Set the whole listing down again, word for word, with no pictures.

[Given data Boundary: Start]

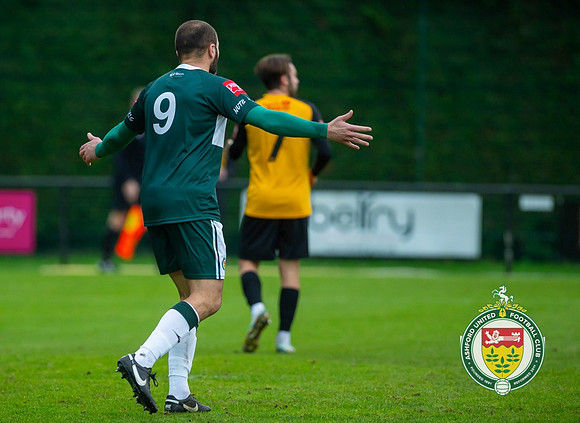 ISE_Merstham_2-0_AshfordUnited_091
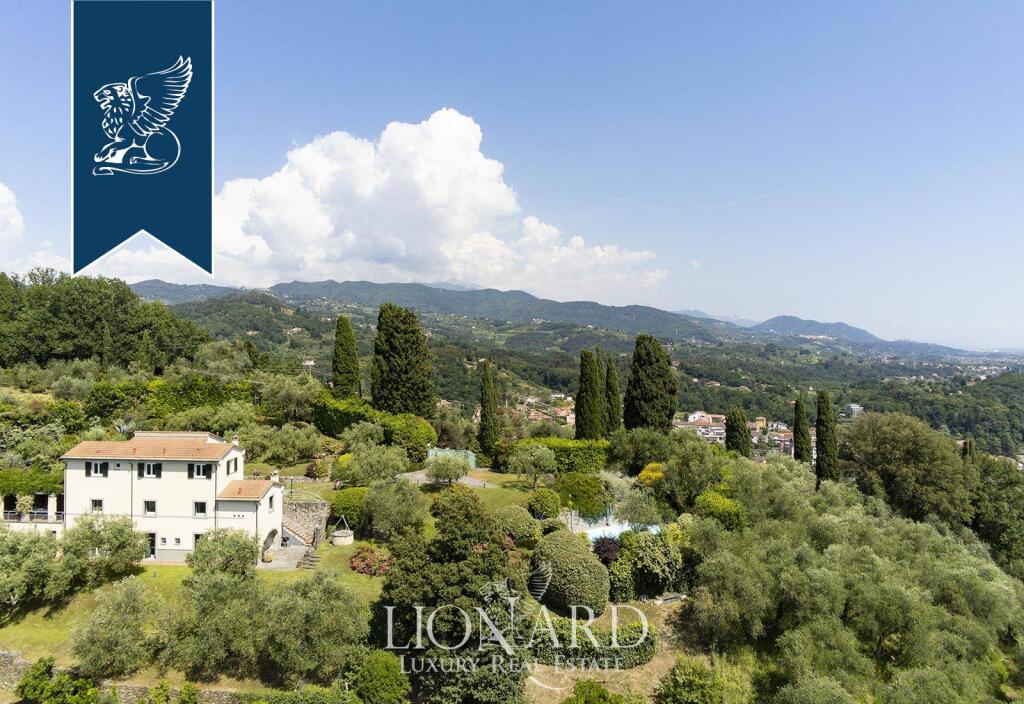 4 bedrooms Villa in Sarzana, Italy No. 316547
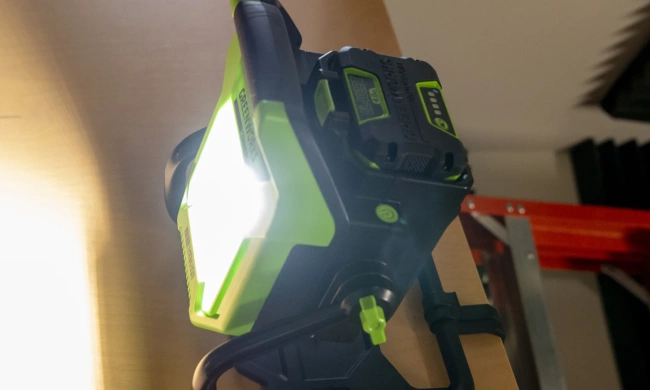 LED-прожектор Greenworks G82WLH 82V аккумуляторный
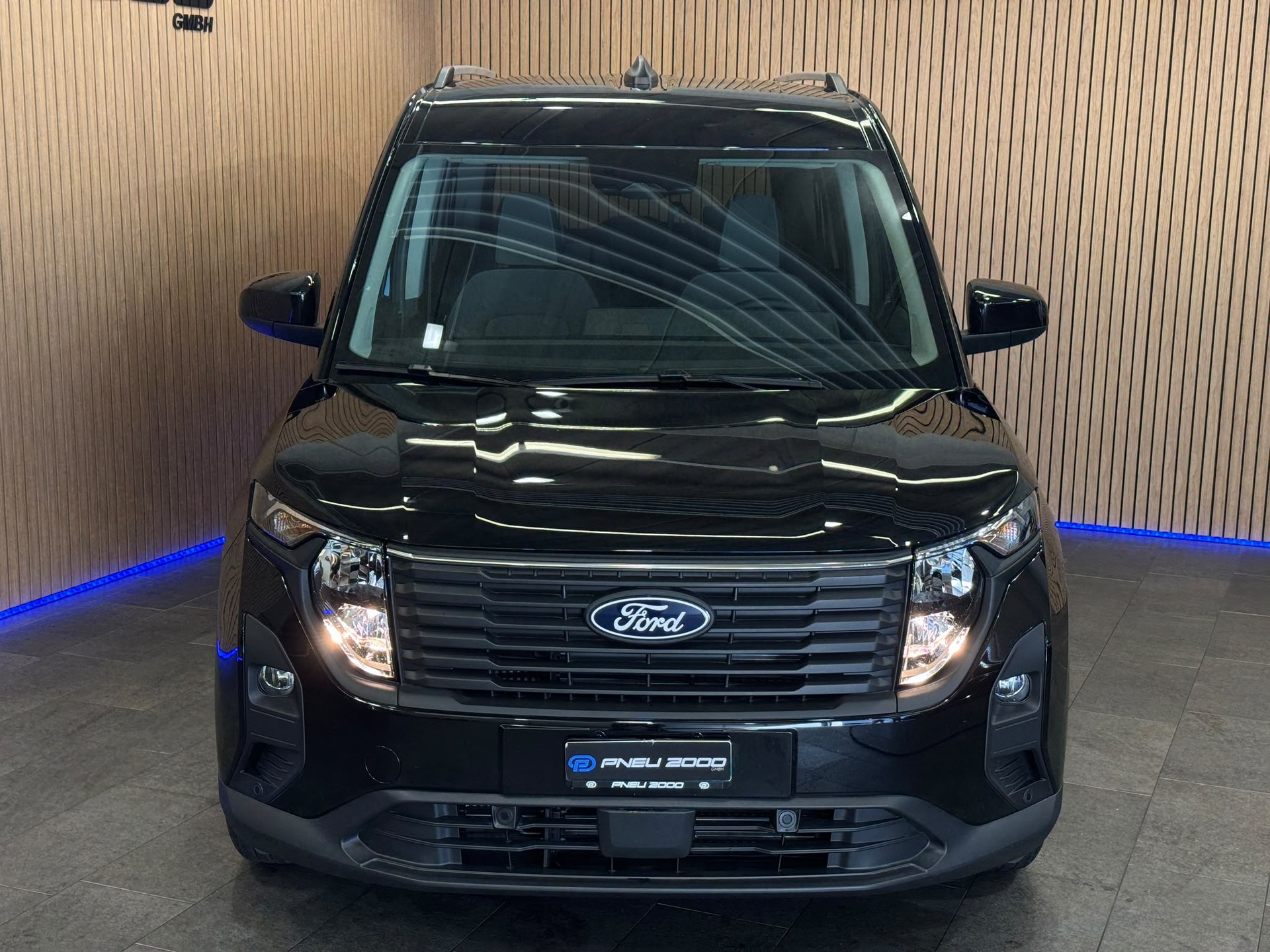 FORD Tourneo Courier 1.0 EcoBoost Titanium Automat-showroom-element-1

[Given data Boundary: End]

### Response area
 ISE_Merstham_2-0_AshfordUnited_091
 4 bedrooms Villa in Sarzana, Italy No. 316547
 LED-прожектор Greenworks G82WLH 82V аккумуляторный
 FORD Tourneo Courier 1.0 EcoBoost Titanium Automat-showroom-element-1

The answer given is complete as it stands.